A menudo este artista parte de determinados colores pre-existentes en los contextos que elige, que bien pueden provenir de la naturaleza o del entorno urbano inmediato. Es así como obtiene los elementos para iniciar un análisis estructural, mental y formal de las superficies que va a cubrir. Dicho proceso desencadena una secuencia de decisiones a nivel compositivo que se manifiestan en formas abstractas. Todo ello es en esencia una cristalización del sistema de pensamiento de Sesma, pues si hay algo que lo estimula es la búsqueda de la perfección.
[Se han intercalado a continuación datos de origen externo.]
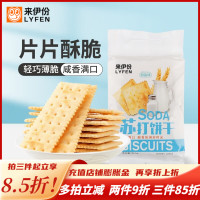 PLUS会员:LYFEN 来伊份 苏打饼干 奶盐味360g*2袋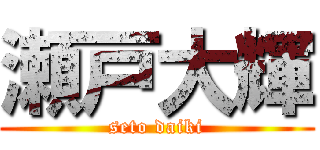 瀬戸大輝 (seto daiki)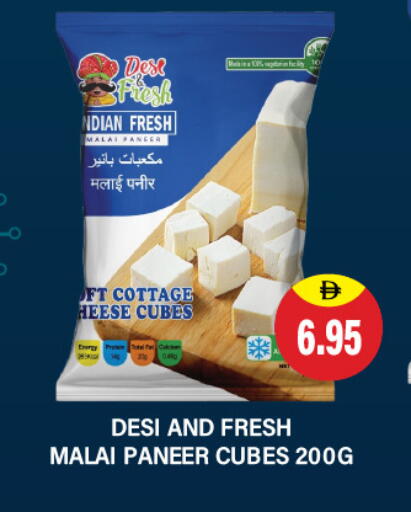 available at Adil Supermarket in UAE - Sharjah / Ajman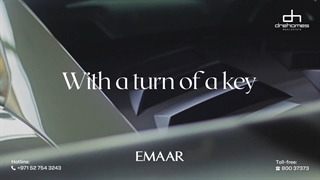 Lamborghini Villas At Dubai Hills Estate - Emaar Properties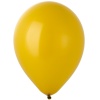Э 5"/218 Фэшн Mustard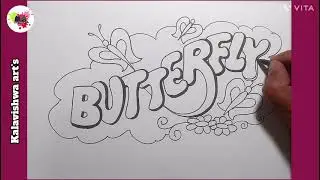 lettering/butterfly lettering drawing/elementary intermediate lettering draw/Akshar lekhan/अक्षरलेखन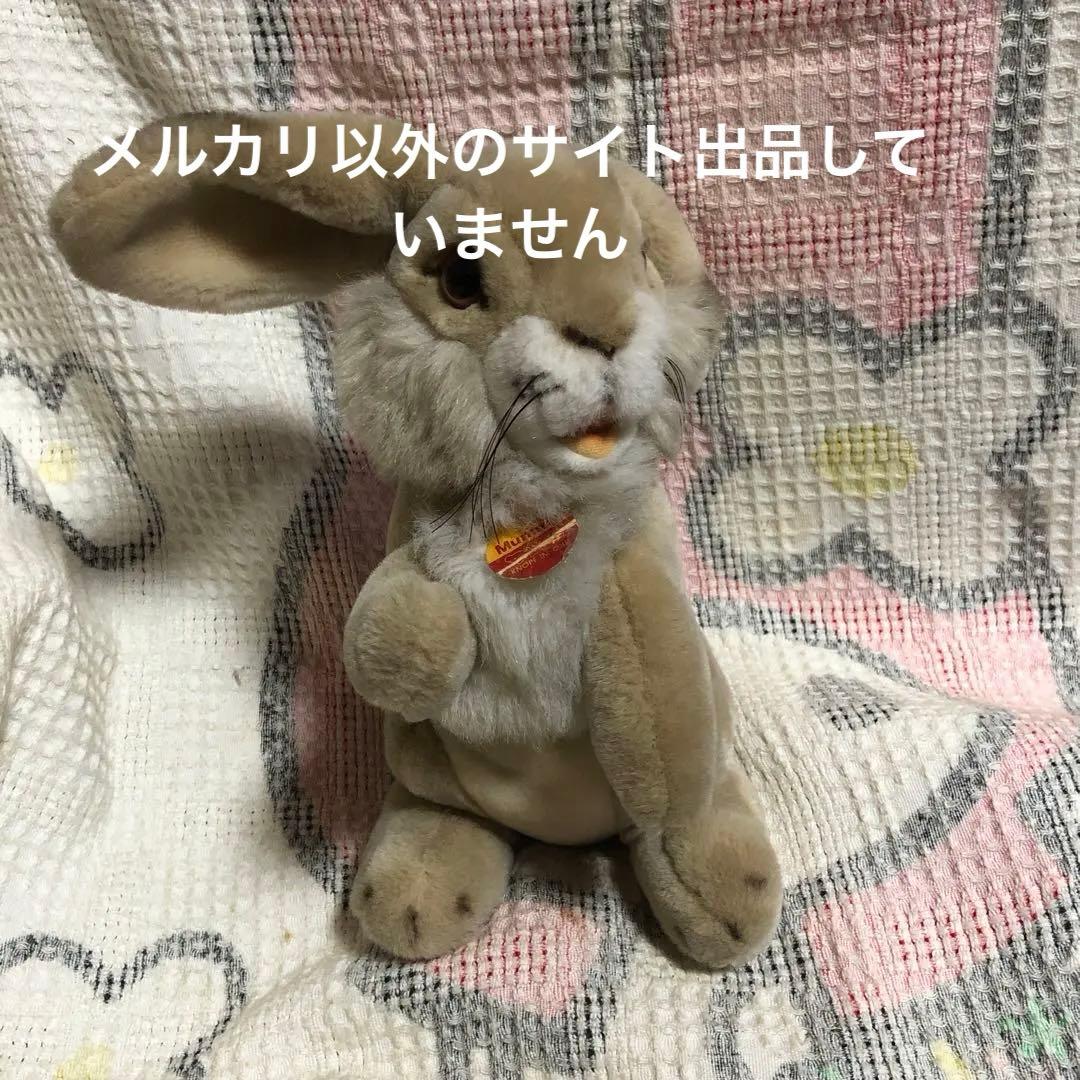 シュタイフ　Mummy 2950/32 ウサギ　ぬいぐるみ　中古品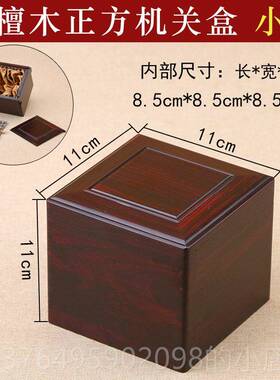 新款形红木紫砂包装锦缎壶盒包茶壶盒实木方装礼品盒红木茶杯储存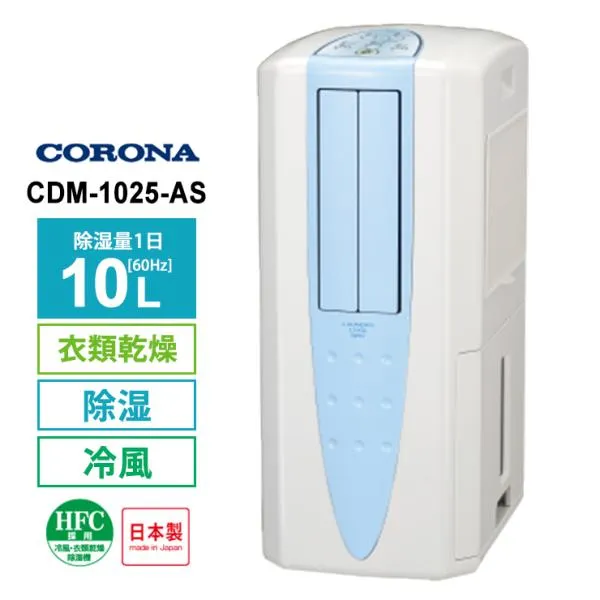 冷風・衣類乾燥 除湿機 スカイブルー (布製排熱ダクト同梱) CORONA (コロナ) CDM-1025-AS★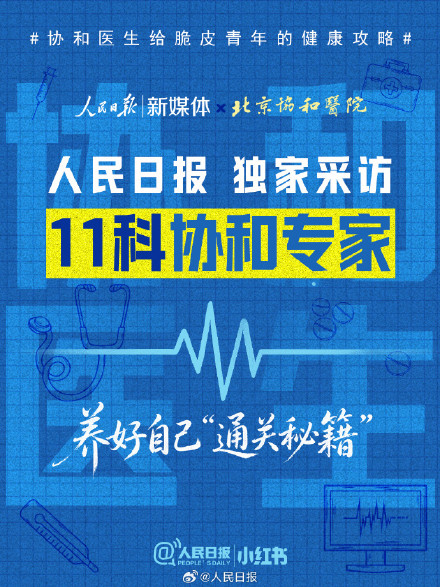 协和医生给脆皮青年的健康攻略 协和医生给脆皮青年的健康攻略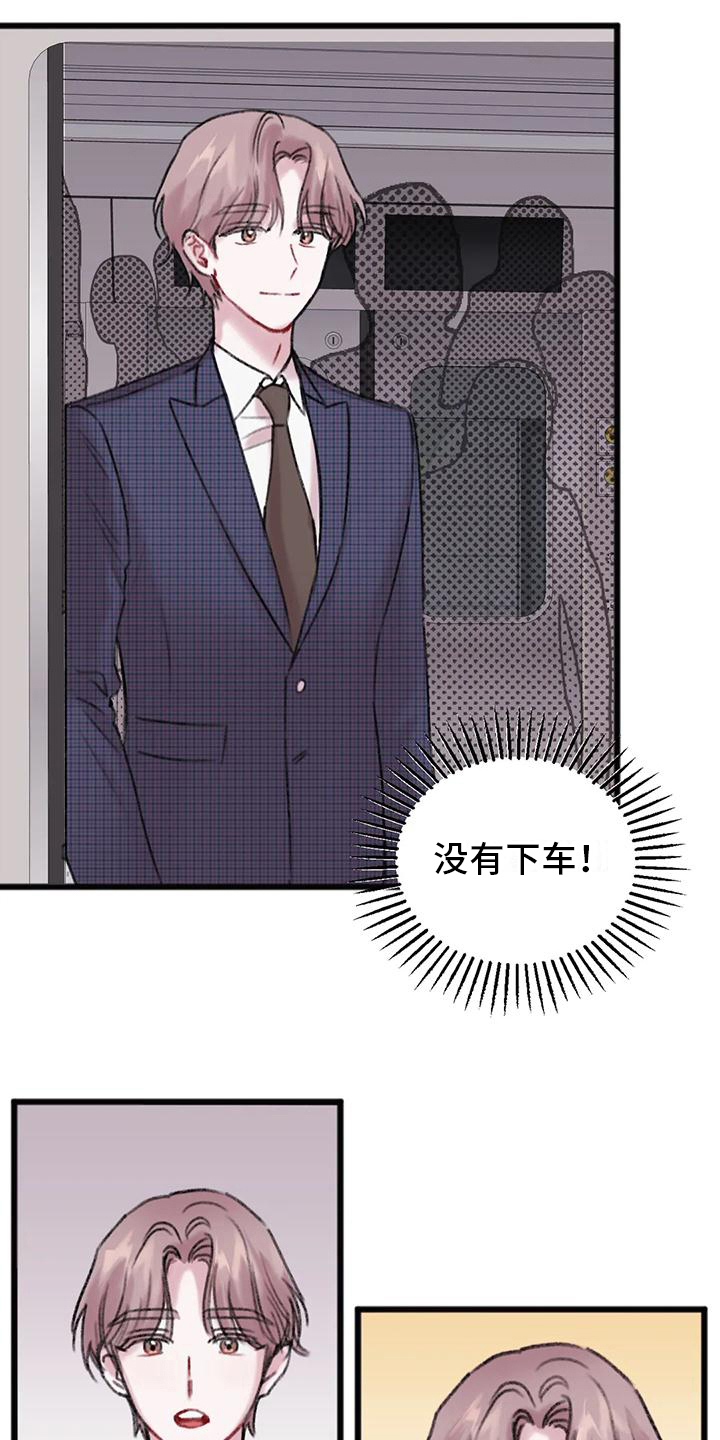 《你喜欢我吗》漫画最新章节第7章：恼怒免费下拉式在线观看章节第【2】张图片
Los edificios intervenidos por él son increíblemente extraños; confunden al espectador, quien a menudo debe incluso cuestionarse si realmente hay un volumen real ahí donde dirige su mirada, o si en cambio es sólo una ilusión. Diversos puntos de fuga tejen una red de vectores en cada composición, que a su vez definen las zonas de color. La experiencia de observar sus “piezas” es siempre una mezcla entre asombro y confusión. Ello sólo se logra a partir de un muy rigurosa, detallada y precisa metodología artística.